Steak Frites is a classic French dish featuring perfectly seared ribeye steaks paired with crispy double-fried russet potato fries. This simple yet elegant meal combines juicy, flavorful steak basted with garlic and herbs and golden, crunchy fries for a satisfying and authentic dining experience.


Ingredients

Scale

Steak

  • 2 boneless ribeye or sirloin steaks (about 1 inch thick)
  • Salt and freshly ground black pepper to taste
  • 1 tablespoon olive oil
  • 2 tablespoons unsalted butter
  • 2 cloves garlic (smashed)
  • 2 sprigs fresh thyme or rosemary

Fries

  • 1 1/2 pounds russet potatoes (cut into thin fries)
  • Vegetable oil for frying
  • Optional: chopped parsley and flaky salt for garnish


Instructions

  1. Season the Steaks: Pat the steaks dry with paper towels and season both sides generously with salt and freshly ground black pepper. Let them sit at room temperature to enhance even cooking while you prepare the fries.
  2. Soak the Potatoes: Place the cut russet potatoes in cold water and soak for 30 minutes to remove excess starch, which helps achieve crispier fries. Drain and dry thoroughly with paper towels.
  3. First Fry: Heat vegetable oil in a deep fryer or large pot to 325°F (165°C). Fry the potatoes in batches for 4 to 5 minutes until they are soft but not browned. Remove with a slotted spoon and drain on paper towels.
  4. Second Fry: Increase the oil temperature to 375°F (190°C). Fry the potatoes again in batches for 2 to 3 minutes until golden and crispy. Drain on paper towels and immediately season with salt.
  5. Cook the Steaks: Heat olive oil in a cast iron skillet over medium-high heat.

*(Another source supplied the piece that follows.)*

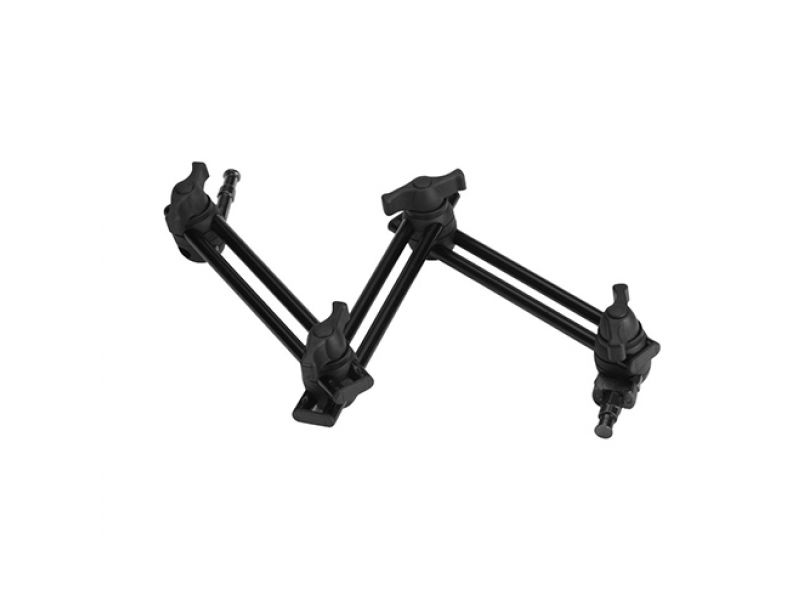 E-IMAGE 3 Section Double Articulated Arm Кронштейн двойной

Sear the steaks for 2 to 3 minutes per side to develop a golden crust. Reduce heat, add butter, smashed garlic cloves, and fresh thyme or rosemary to the skillet. Baste the steaks continuously with melted butter for an additional 1 to 2 minutes until reaching your desired doneness, ideally medium-rare (internal temperature of 130–135°F).
  6. Rest and Serve: Remove steaks from the skillet and let them rest for 5 minutes to redistribute the juices. Slice and serve alongside the crispy fries. Garnish fries with chopped parsley and flaky salt if desired.

Notes

  • For crispier fries, don’t skip the double-fry method—it ensures fries are tender inside and crispy outside.
  • Use a meat thermometer to check steak doneness accurately and adjust cooking time based on your preference.
  • Resting the steak before slicing is crucial to keep it juicy.
  • Choosing a cast iron skillet helps achieve a better sear and retains heat well for basting.